§ WORK ITEM:
Go to the line below that contains "Chrysler Pacifica - 14". From there to the end of the records, reproduce each line exactly, except the pictures.

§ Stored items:
Content starts
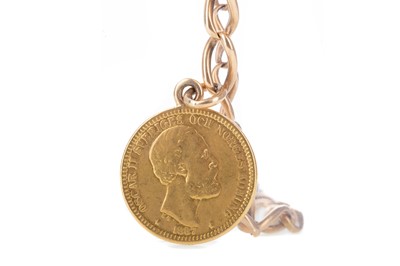 Lot 1 - A GOLD ALBERT CHAIN WITH GOLD 20 KRONOR COIN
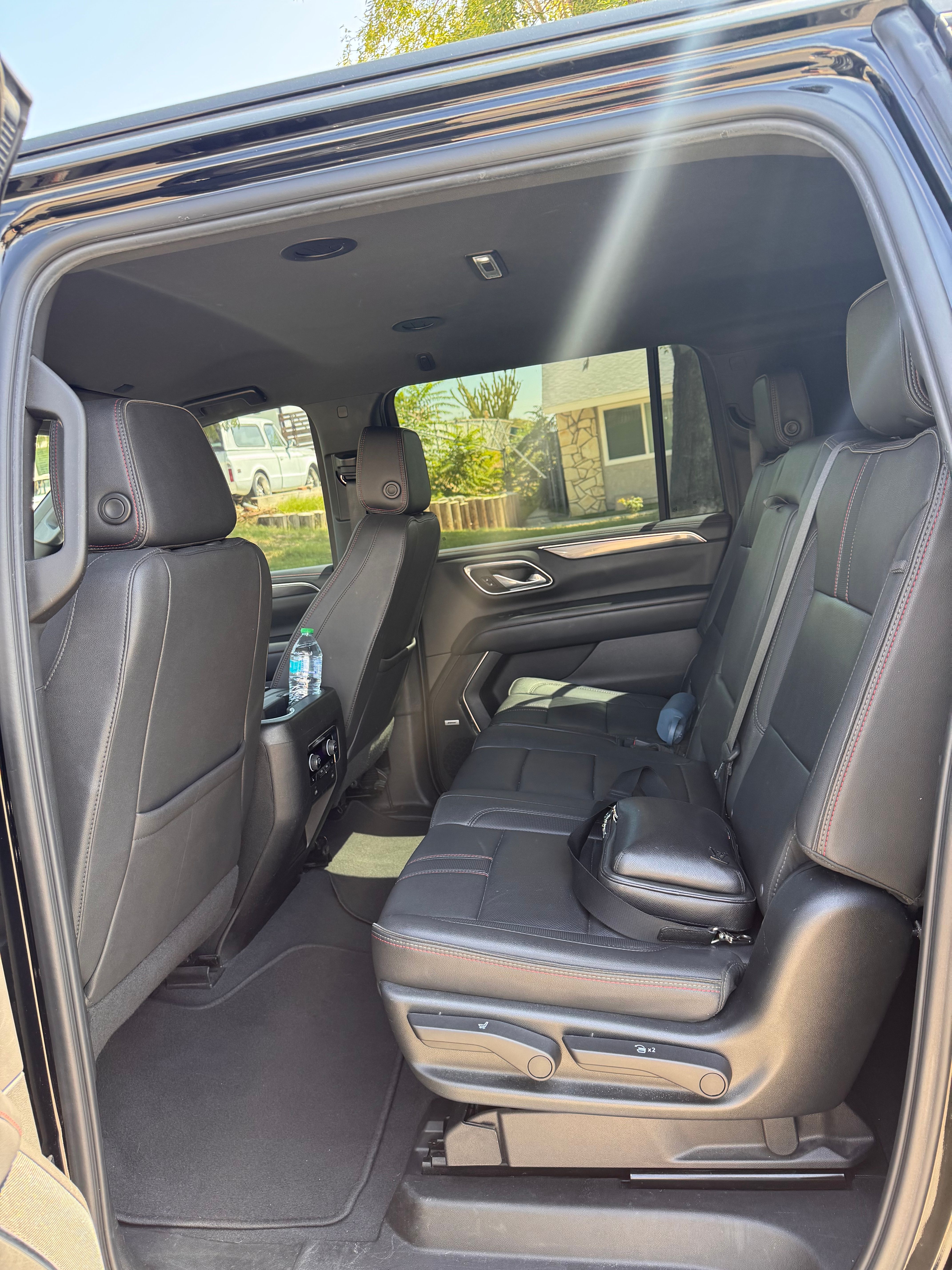 Used 2023 Chevrolet Suburban RST w/ Luxury Package RWD image 6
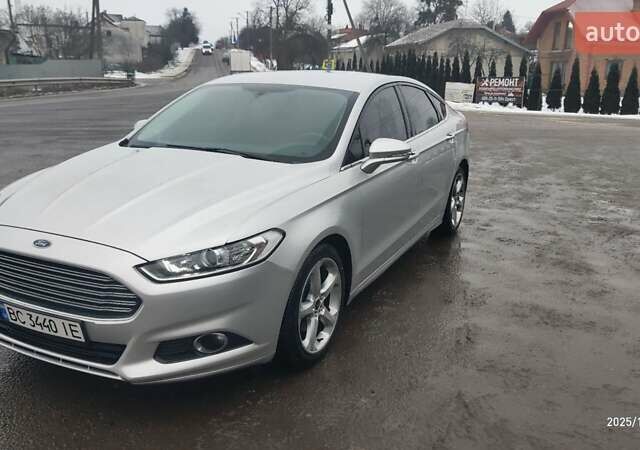 Серый Форд Фьюжн, объемом двигателя 2.5 л и пробегом 195 тыс. км за 10900 $, фото 1 на Automoto.ua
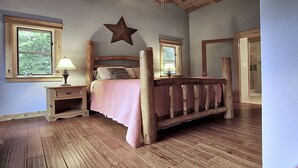 Room - Spacious, Year-Round Cabin with Hot Tub in Packwood, Washington (Packwood)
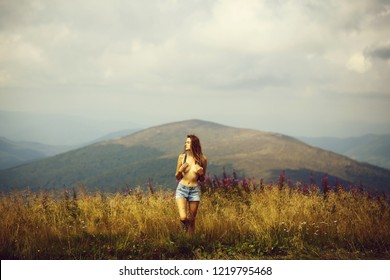 arie azrai add Naked Women Outdoors photo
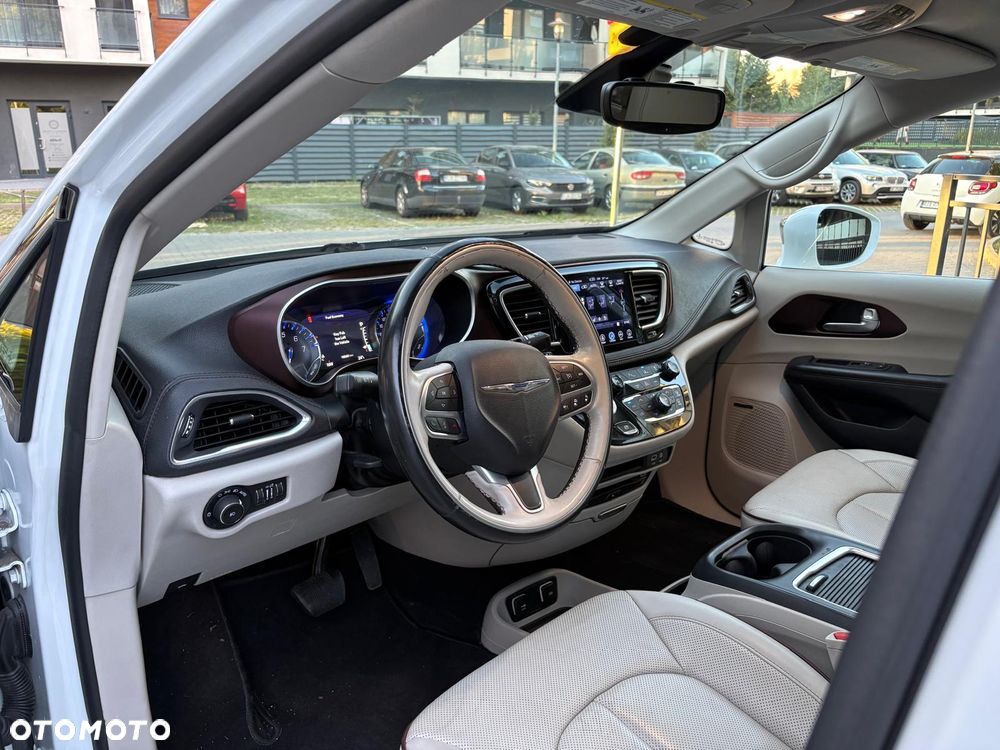 Chrysler Pacifica - 14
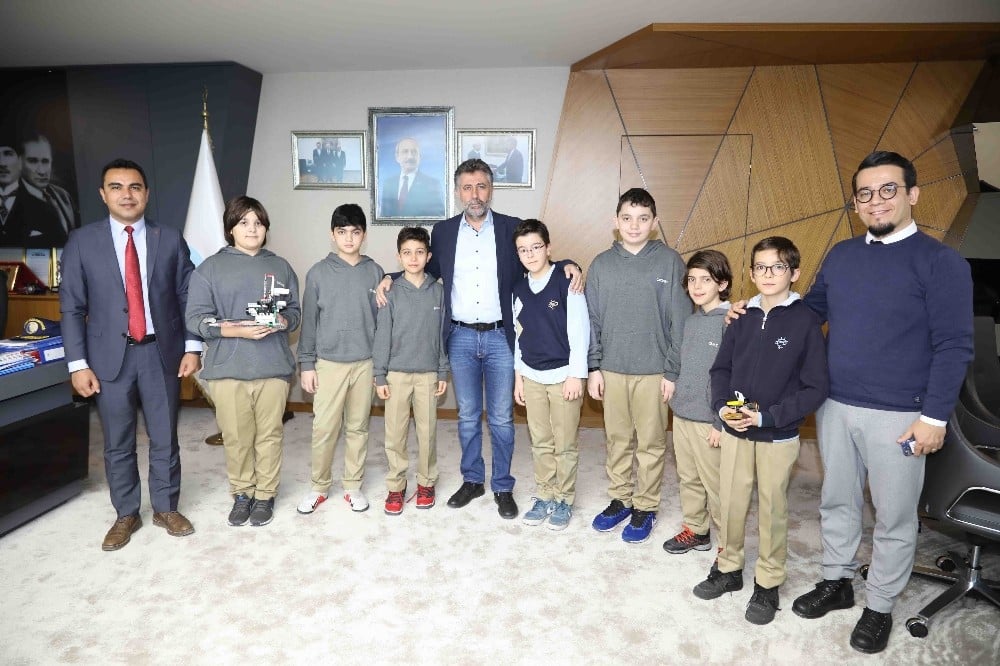 Genç mucitlerden yaya geçidi projesi 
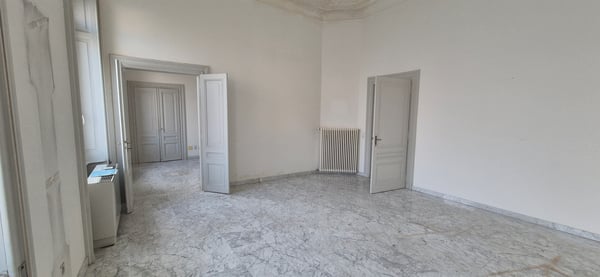Ufficio di prestigio con vista lago in Via Nassa 6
Content ends
§ RESPONSE:
 Chrysler Pacifica - 14
 Genç mucitlerden yaya geçidi projesi 
Ufficio di prestigio con vista lago in Via Nassa 6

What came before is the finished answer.